From 2003 onwards, Jalan has led Reliance Energy, a distribution company into the over Rs 23000 crore RInfra. Today RInfra is India's largest integrated infrastructure development firm with interests in power, roads, metros, airports, cement and other urban infrastructure projects with a turnover exceeding $4.5 billion.

He became CEO of Reliance Infrastructure on 20 August 2016 and resigned on 6 April 2019 due to his retirement. Since then, he is associated with R-Infra as Advisor under new CEO Punit Garg.

==Education==
Jalan studied Electrical Engineering at the Indian Institute of Technology Kanpur (IIT Kanpur) in 1979. He completed an MBA from Wharton School, University of Pennsylvania in 1981 and MS (Computer Science) from Moore School of Engineering. In 2002, he was conferred with the distinguished alumnus award of IIT Kanpur for his outstanding managerial skills.

==Controversies==
New Delhi power distribution companies BSES Yamuna and BSES Rajdhani, for which Jalan was Chairman, have been the focus of controversies concerning energy metering, the frequent removal of CEOs and recent government-ordered audit, and the threat of Revocation of License and Non-Payment of dues to Power Suppliers like NTPC.

==Settlement with Indian Stock Market Regulator==
Securities and Exchange Board of India (sebi.gov.in) is the stock market regulator of India. It issued a consent order (no 426/2011 of 14 January 2011) directing Anil Ambani and others, including Lalit Jalan, to pay INR 250 million (approximately $6 million) to settle allegations they illegitimately used the funds from External Commercial Borrowings in the Indian stock market and without the applicant admitting or denying any charges or guilt.

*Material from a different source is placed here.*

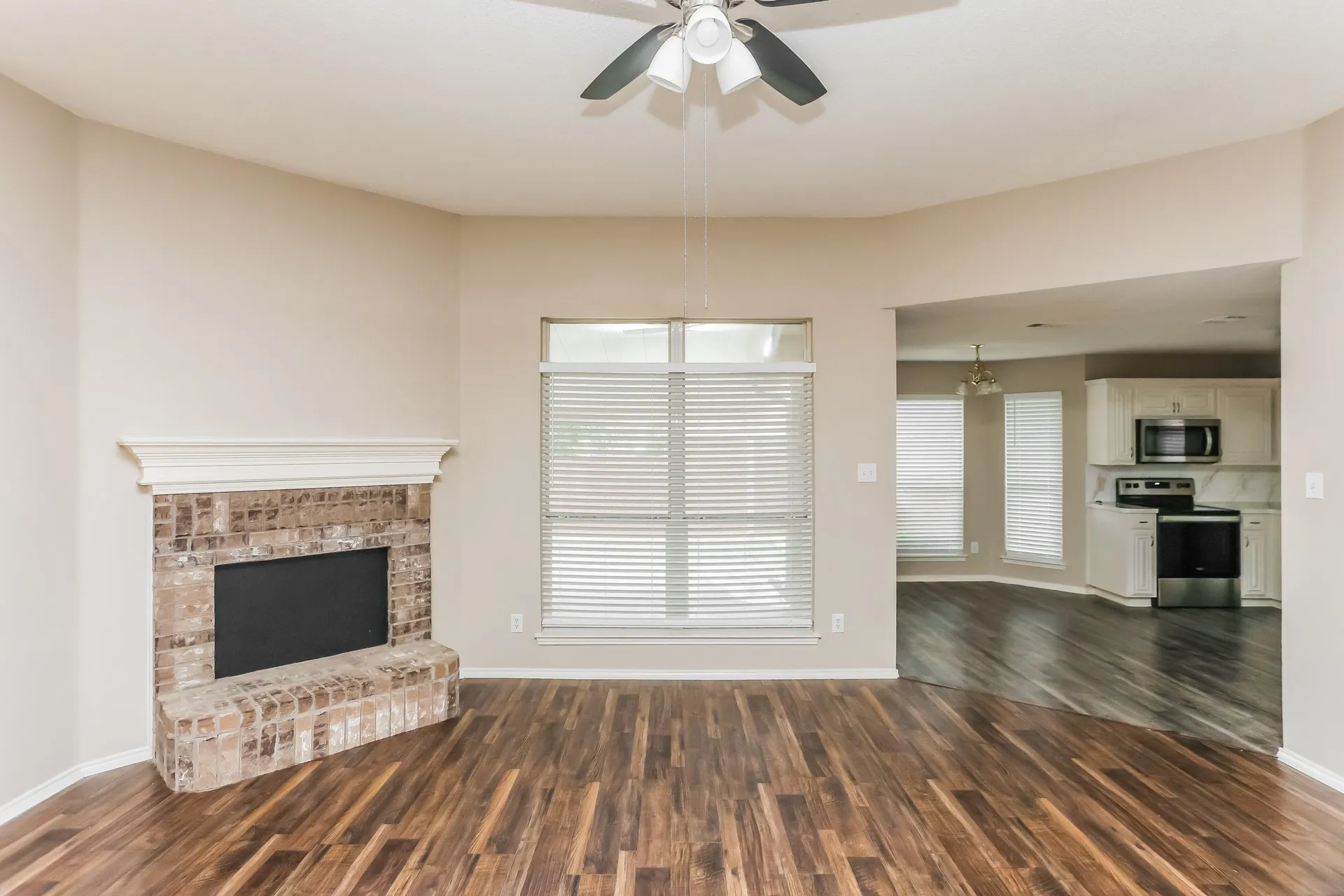 Single Family Residence For Sale in Tarrant County , 346 Mesquite Hill Drive, Arlington, Texas 76002, 3 Bedroom, 2 Bathroom, 2 Garage spaces, 1,824 Sqft, built in 2001, mls#21235129, Real Estate Agent in Arlington, Homes For Sale in Tarrant county, Homes For Sale in Arlington, Realtor in Arlington Texas, Real Estate Brokerage Independent Realty Texas, Luminita Cordes Realtor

The legality of such consent order was contested in court, and the government of India passed "Securities Law Amendment Ordinance 2013" on 18 July 2013, which retroactively legalized 426/2011. As the stipulated period of six months had elapsed before the ordinance was approved and regularized in to an Act by the Parliament of India (House of Representatives), again on the recommendation of the Government of India, the President of India has re-promulgated the same ordinance on 15 January 2014, which must be passed by the parliament within six months.